This might be confusing when you first read it.  You might say, 'I thought they weren't holding to Paul's teachings and that was the problem.'  Some believe this is biting sarcasm from Paul and he is saying this to help them realize they hadn't remembered him and weren't holding to his teachings.  Paul is not beyond sarcasm; however, I don't think Paul would say 'follow me' and 'I am an example of Christ' and then use such cold sarcasm. 

I believe Paul is sincere here.  In this verse he praises some and later in verse 17 he says he doesn't praise them.  Here, in his praise, he is talking to those in the assembly that were holding to the teachings.  They had remembered what they had been taught and they were following Paul's example.  And with all the negative stuff Paul had said to the Corinthian church, he wanted to offer encouragement to those who deserved it.  For those that weren't following his teachings, this may have just been a source of conviction.  It might have been his way of pointing out that some were following the teachings to those that were not.

The 'traditions of verse two isn't the kind of traditions we might think of, but Paul is referring to the doctrines and teachings he brought them, as well as what has been handed down by the apostles and Christ himself.  Remember, they didn't have a New Testament.  Christ that was concealed in the Old Testament law (their only bible at the time) was still being revealed to the church.  The doctrines we learn from the bible were still being written down at this time. 

The third verse seems like a strange transition but Paul was laying the groundwork for the idea that there was to be order in their worship.  In the study of Exodus and Leviticus you see the building of the tabernacle, the calling of the priests and then God teaching the priests and people how to use this for their worship.  This wasn't religious system or recipes to finding God; the entire tabernacle and all the details of it were a pattern of heaven. 

And let them make Me a sanctuary, that I may dwell among them.

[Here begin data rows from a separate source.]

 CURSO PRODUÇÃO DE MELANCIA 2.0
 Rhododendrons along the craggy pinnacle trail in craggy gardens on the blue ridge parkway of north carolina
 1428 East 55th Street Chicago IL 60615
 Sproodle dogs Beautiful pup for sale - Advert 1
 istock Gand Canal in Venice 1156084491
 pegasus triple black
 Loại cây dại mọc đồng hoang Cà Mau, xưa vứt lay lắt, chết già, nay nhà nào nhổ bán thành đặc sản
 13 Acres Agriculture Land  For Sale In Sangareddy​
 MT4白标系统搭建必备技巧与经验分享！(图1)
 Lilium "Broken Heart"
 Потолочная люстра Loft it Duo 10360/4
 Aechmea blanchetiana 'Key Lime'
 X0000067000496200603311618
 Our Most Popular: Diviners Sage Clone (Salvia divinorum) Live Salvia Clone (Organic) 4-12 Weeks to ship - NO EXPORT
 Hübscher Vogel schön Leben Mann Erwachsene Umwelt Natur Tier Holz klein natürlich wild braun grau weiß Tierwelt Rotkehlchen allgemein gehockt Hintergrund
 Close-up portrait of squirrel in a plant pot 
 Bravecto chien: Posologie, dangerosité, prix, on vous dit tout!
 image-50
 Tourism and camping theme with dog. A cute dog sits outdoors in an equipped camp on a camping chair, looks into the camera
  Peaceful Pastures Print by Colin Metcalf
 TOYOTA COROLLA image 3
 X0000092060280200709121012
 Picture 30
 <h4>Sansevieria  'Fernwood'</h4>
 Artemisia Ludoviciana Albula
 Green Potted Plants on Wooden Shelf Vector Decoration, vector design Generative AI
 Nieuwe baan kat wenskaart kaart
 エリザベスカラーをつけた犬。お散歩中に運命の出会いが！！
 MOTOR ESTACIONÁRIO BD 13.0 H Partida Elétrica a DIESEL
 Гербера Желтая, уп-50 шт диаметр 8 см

According to all that I show you, that is, the pattern of the tabernacle and the pattern of all its furnishings, just so you shall make it.  [The New King James Version (Ex 25:8–9). (1982). Thomas Nelson.]

How much more important is us to consider we are the tabernacle of God when we come together in worship, word, fellowship meals and the table for communion.  There must be order and reverence and that starts with authority and accountability.

To be the 'head of' is a position of authority but also accountability and responsibility.  He starts by reminding every man that he is under the authority of Christ.  That man was also in the place of authority over woman.  For a man, that might be wife, daughters or others in His home or under his care.  As Christ submitted Himself to the Father, man submits himself to Christ and woman submits herself to man. 

  • Jesus submitted to the Father:  God the Father and God the son are equal in the Godhead.  Yet, the Son yielded to the Father.  Jesus prayed in the garden of Gethsemane,

"Father, if it is Your will, take this cup away from Me; nevertheless, not My will, but Yours, be done." [The New King James Version. (1982). (Lk 22:42). Nashville: Thomas Nelson.]

 The Father is head over Christ and Jesus submitted to the authority of the Father.  It doesn't mean Jesus is less God than God the Father or the Holy Spirit.  The submission to the authority does not imply inferiority.

  • Men are to submit to the authority and headship of Christ, as He submitted to the Father.  Men are to be an example to follow, to lead their families, to be a model of Christ for others.  This is man's God-ordained role; one which the world works against and seems to be winning.  Most men walk on the wide path, seeking acceptance by the world and other men, submitted to cultural and peer pressure.  Man's submission is obviously to a greater authority and power.

Then women are to submit to the authority and headship of man.  Because of that authority, each man has a responsibility and will be accountable.  This authority isn't for guys to poke out their chest and Lord it over a woman.  Man's authority is one of servant leadership.  Each man is accountable and will be held responsible for the actions taken in that role as head.  The submission to the authority does not imply inferiority.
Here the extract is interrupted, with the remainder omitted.